Хотя на последних вечерах в ЦДЛ и во МХАТе Дорониной читал он свои стихи «Россия еще не погибла, пока мы живы, друзья», в отношении ближайших перспектив настроен был весьма пессимистически.

– Помнишь, Володя, лет двадцать тому назад ты сказал мне, что после падения советской власти будет худо? Когда ты давал мне читать рукопись «Последняя ступень» и я не согласился и тобой по поводу немцев? Ты сказал, придет мировое правительство.

– А… Да.

– Похоже, что так и случилось. Чего же теперь ждать?

– А все по плану, Саша, милый, все по их плану. Разорвать на куски, половину людей прикончить… Хотя у них может и не получиться. Жизнь, Саша, милый, непредсказуема. Ближайшее будущее еще можно увидеть, а дальше… – покачал он головой, – не дано нам.

Последний наш разговор был случайным и телефонным. Помню его дословно. Он позвонил из больницы в старый корпус Переделкина 14 марта 1997 года, а я оказался в этот момент рядом с телефоном.

– Саша, милый, это ты?

– А ты где, Володя, в больнице?

– Да.

– Как дела? Как ты себя чувствуешь? – я не знал тогда, что у него рак в тяжелейшей стадии.

– Ничего хорошего, Саша, милый, ничего хорошего. Вот хочу договориться с Лизой (медсестра дома творчества. – А.К.). Лежу здесь один час под капельницей, а что делать остальные двадцать три часа? Хочу домой. Она может ставить мне капельницу и дома.

– Сейчас, Володя, я ее найду.

– А Семена Шуртакова там нет?

– Нет, его здесь нет.

– Куда он девался? Дома его тоже нет. (Семен Иванович был в это время, кажется, в Малеевке, в другом нашем доме творчества. – А. К.)

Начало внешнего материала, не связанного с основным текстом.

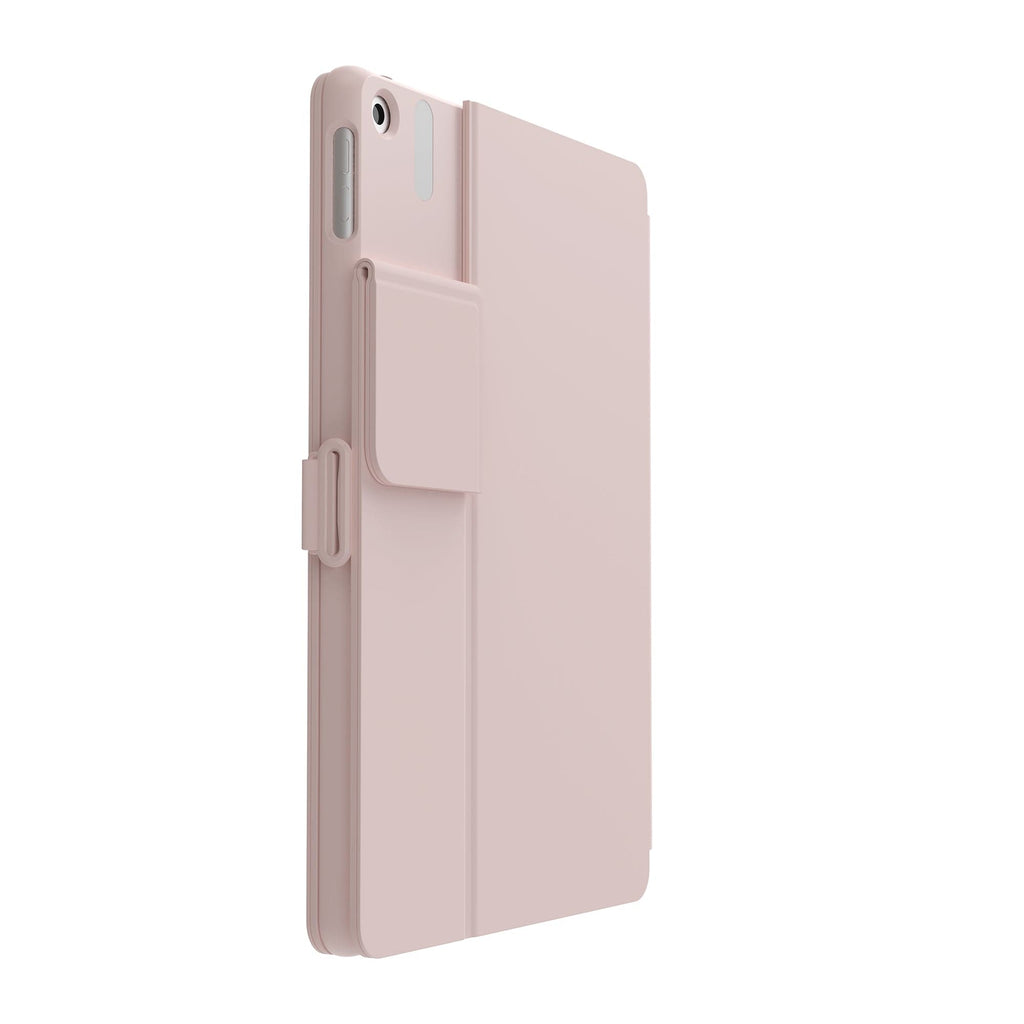 Balance Folio 10.2-inch iPad Cases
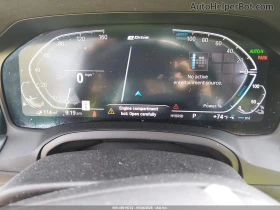 BMW 330 X-Drive* Hybrid* Distronic, снимка 10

– Можешь подождать, сейчас позову Лизу?

– Давай.

С медсестрой Лизой он договорился, она согласилась ставить ему капельницу и передала трубку мне.

– Ты когда думаешь приехать в Переделкино? – спросил я.

– Вот договариваюсь.

– Я тогда к тебе загляну.

– Да, Саша, милый, приходи. Хочу домой, – и он повесил трубку. Эту фразу – «хочу домой» он, как я узнал потом, говорил и Розе, и дочерям, и бывшим с ним в последние его дни друзьям. И вот теперь он дома.

Через двадцать дней он умер. А я подождал, подождал его в Переделкине, путевка кончилась – и уехал. Хоть я и не знал, что он в таком тяжелом состоянии, прощения мне нет. Надо было знать.

Когда был в последний раз у Розы Лаврентьевны, она рассказывала, как перед отъездом в больницу стоял он подолгу перед своими большими храмовыми иконами, стоял молча, прощаясь. Я старался это понять. Уходила жизнь, и с ней все, что любил, становилось ненужным, уходило куда-то вместе с ним, вместе с его жизнью. В последние годы лупила она по нему нещадно. Владимир Алексеевич очень переживал ограбление дома в Алепине. Украдены ведь не только иконы, утащили и старинные церковные книги, которые он собирал с такой любовью. Ему так стало обидно, что он в последние годы перестал туда ездить. Заработанные им за всю жизнь деньги враз пропали в сберкассе государства, обесценились более чем в тысячу раз, и жить стало не на что. Перед последним отъездом в больницу он позвал жену и дочерей и сказал, что, коли будет совсем трудно, он разрешает продать три иконы. Показал какие. Но Роза Лаврентьевна сказала мне, что ничего из дома не уйдет, ничего она не собирается продавать. Хотя жить в их доме-музее очень тяжело, уже несколько раз пытались квартиру ограбить, выжигали замок, снимали дверь с петель. Пришлось еще при Владимире Алексеевиче устанавливать на двери и окнах решетки, видеодомофон. Когда входишь в его кабинет, понимаешь, что это не просто квартира писателя, это драгоценное собрание предметов русской культуры прошедших веков. Не стану перечислять эту богатейшую коллекцию, вряд ли такой перечень поможет Розе Лаврентьевне сохранить ее. Что с ней будет – трудно себе представить. Наши власти не пойдут на создание музея Солоухина. Это дом Пастернака превращен в музей, едут и едут автобусы, куда везут экскурсантов, чтобы посмотреть на калоши поэта и на его старое пальто. Везут и везут туда одурманенных русских людей. А русскому писателю, великому русскому писателю (я настаиваю на этом слове) нерусское правительство памятник не поставит и музей его имени не создаст.